In some examples, the STA may not (re)start the timer if the transmission duration is less than or equal to a threshold. The threshold may be, for example, 72 μs but this is only an example. The value of 72 μs may be selected to cover at least the PPDU lengths of request to send (RTS)/clear to send (CTS)/Ack frames using a non-high throughput (non-HT) or non-HT duplicate PPDU format with a 6 Mb/s data rate, as well as the PPDU lengths of most typical BlockAck frames. The timer value may be set to any duration. In some examples, the timer value is set to a dot11MSDTimerDuration that is defined by standard.

If the station obtains a TXOP while the timer has a nonzero value (e.g., the timer is still running), the station may perform various operations for synchronization. If the station is a non-AP station, the station may transmit an RTS frame to an associated AP as the initial frame in an obtained TXOP. A threshold may be set for the CCA sensitivity in response to the RTS. The threshold may be, for example, the dot11MSDOFDMEDthreshold defined by standard. However. Other thresholds may be used. This may allow the station to detect a channel busy condition in the primary 20 MHz channel if the timer has a nonzero value.

If the station is an AP affiliated with a non-simultaneous transmit and receive (NSTR) mobile AP MLD, then the AP may transmits an RTS frame to an associated non-AP station as the initial frame in the TXOP. The station may not attempt to initiate a TXOP more than a predetermined amount of times since the start of the timer.

In other cases, the station may perform the CCA until the timer has expired before it initiates a transmission.

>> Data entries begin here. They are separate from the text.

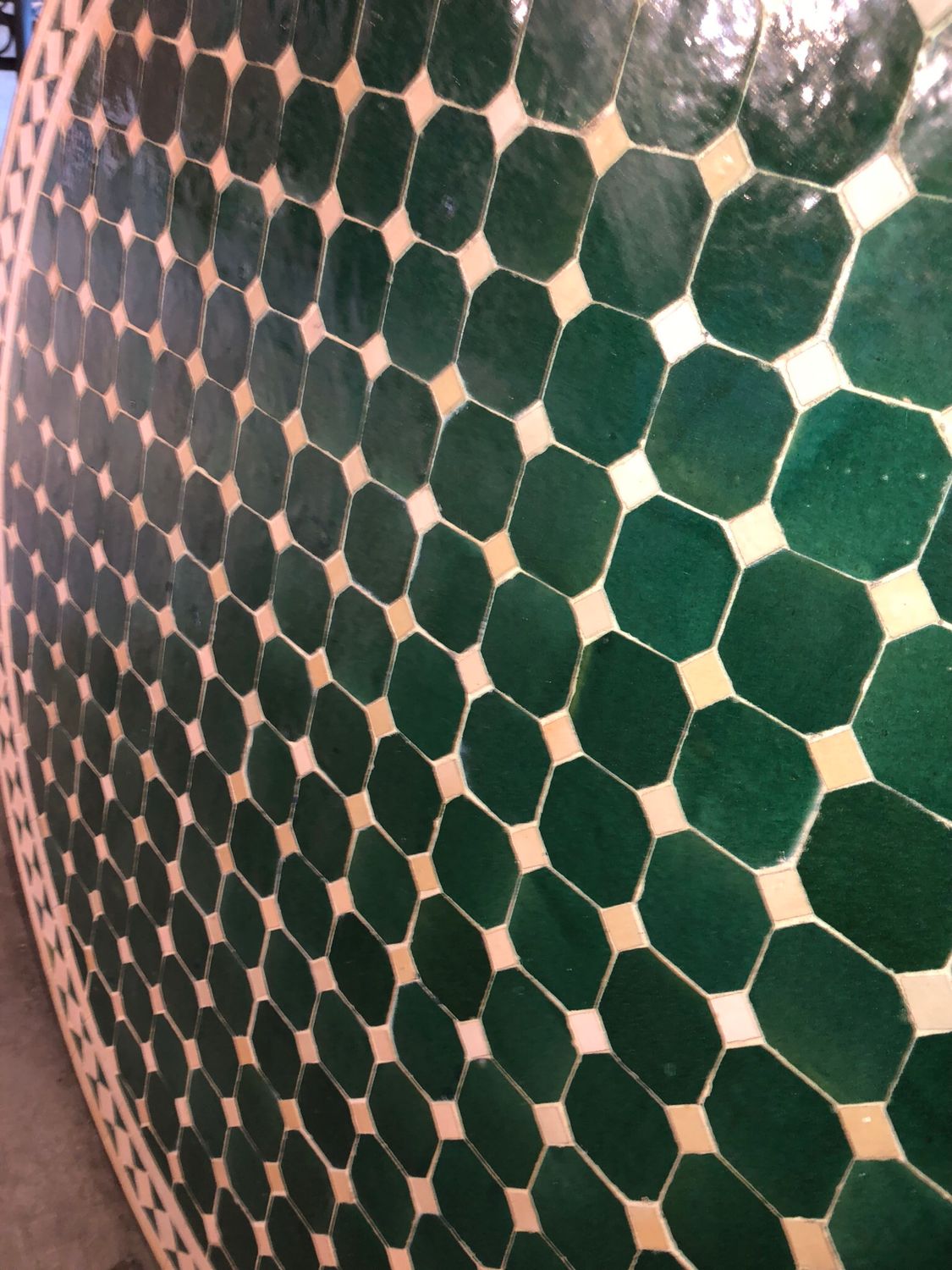 Marokkaanse Mozaiek tafel (blad) 100 cm Groen-creme Handgemaakt nw — detail 2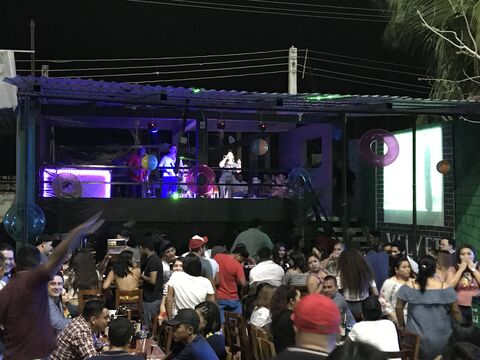 Velvet Sport Bar image 1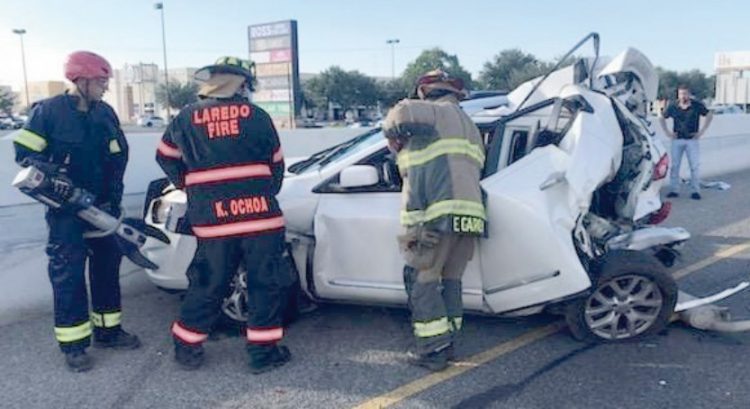 Falla mecánica provoca un brutal accidente frente al Mall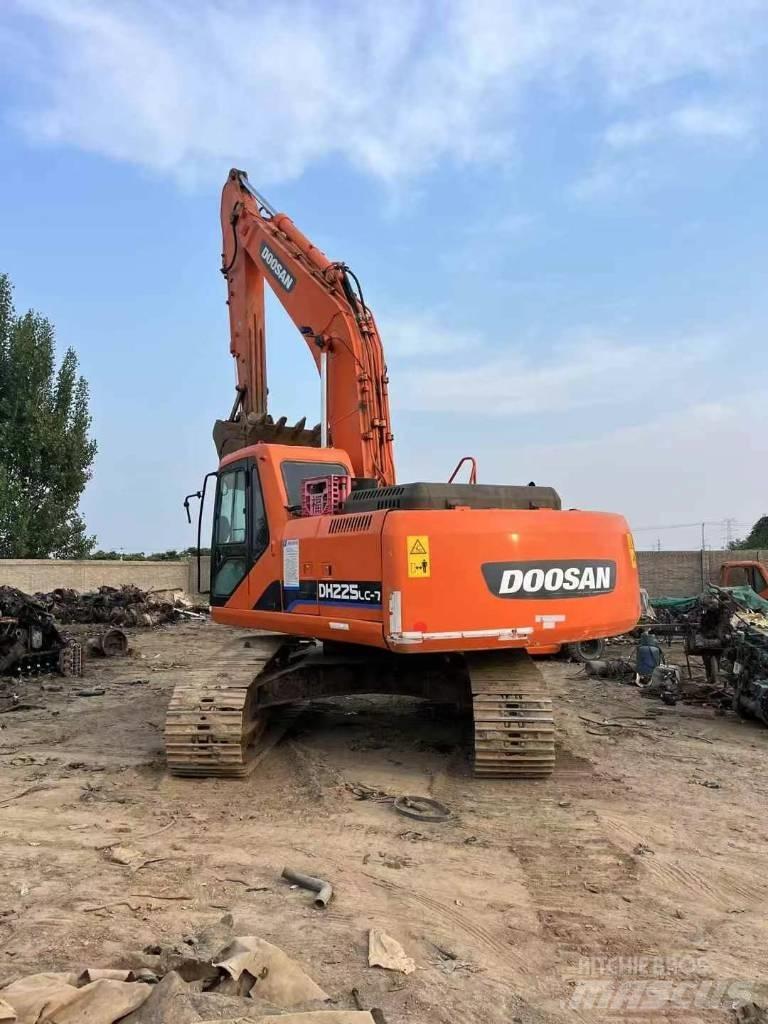 Doosan DH 225 LC-9 Bageri guseničari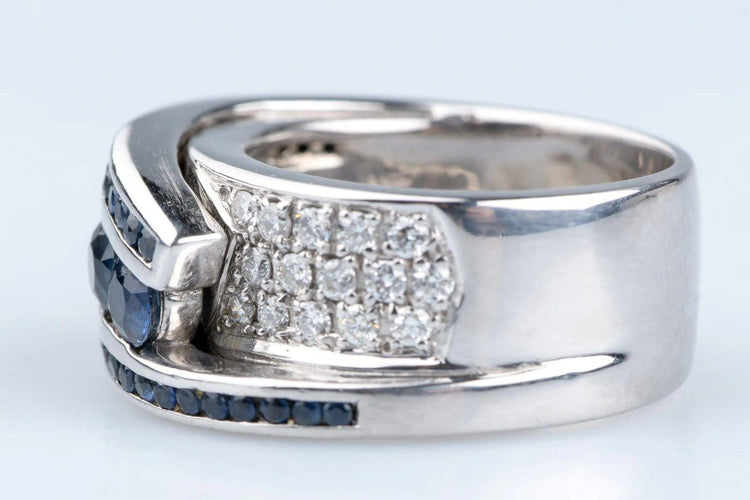 Bague 50 Bague 1,65 ct en or blanc, saphirs et diamants 58 Facettes BGADOC405-107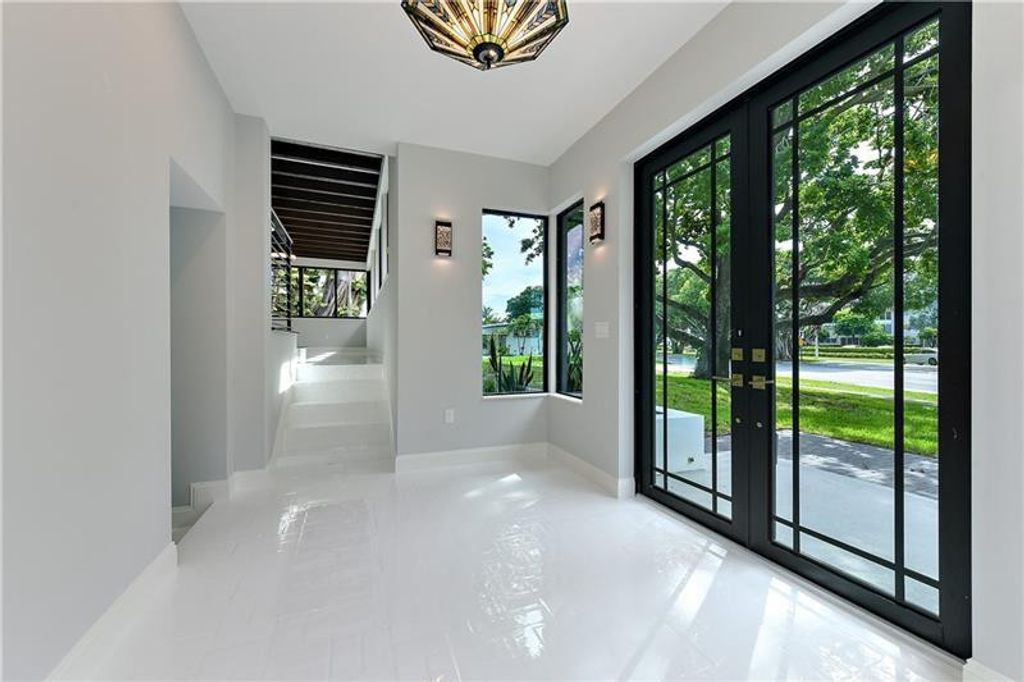 Photo of 399 NE 20th Street, Boca Raton, FL 33431 (MLS # F10467854)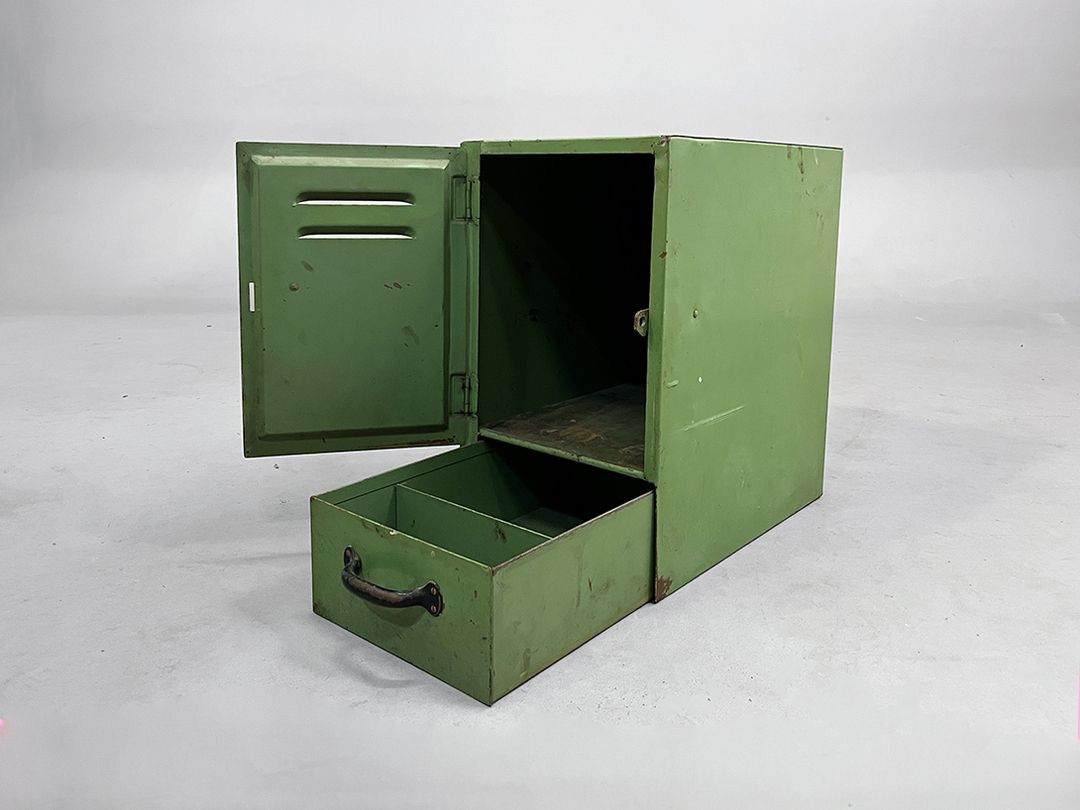 Foto Green Metal Locker h45x27x41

In a fifth aspect, the example embodiments are related to a triggered uplink (UL) Ack policy. For example, a non-AP station may send a High Efficiency (HE) Trigger Based (TB) PPDU in response to a trigger frame sent by an AP. The station may set an Ack policy indicator subfield of the QoS Data frames or QoS Null frames to indicate that the AP should return a normal Ack (e.g., BA) or an implicit BA response (BAR). However, when the station has an internal COEX (e.g., the station is unavailable for a period of time), the station may not receive the BA or BAR because it is unavailable. In this scenario, the station is not required to request the BA or BAR. This may be expressed as a non-AP STA that sends an HE TB PPDU as a response to a Basic Trigger frame may set the Ack Policy Indicator subfield of the QoS Data frames or QoS Null frames to Normal Ack or Implicit BAR, e.g., there is no requirement to set the Ack Policy Indicator subfield. In another example, a rule may be defined that if the station does not have an unavailability duration, the station may set the Ack Policy Indicator subfield to Normal Ack or implicit BAR or if the station has an unavailability duration, the station may not set the Ack Policy Indicator subfield to Normal Ack or implicit BAR.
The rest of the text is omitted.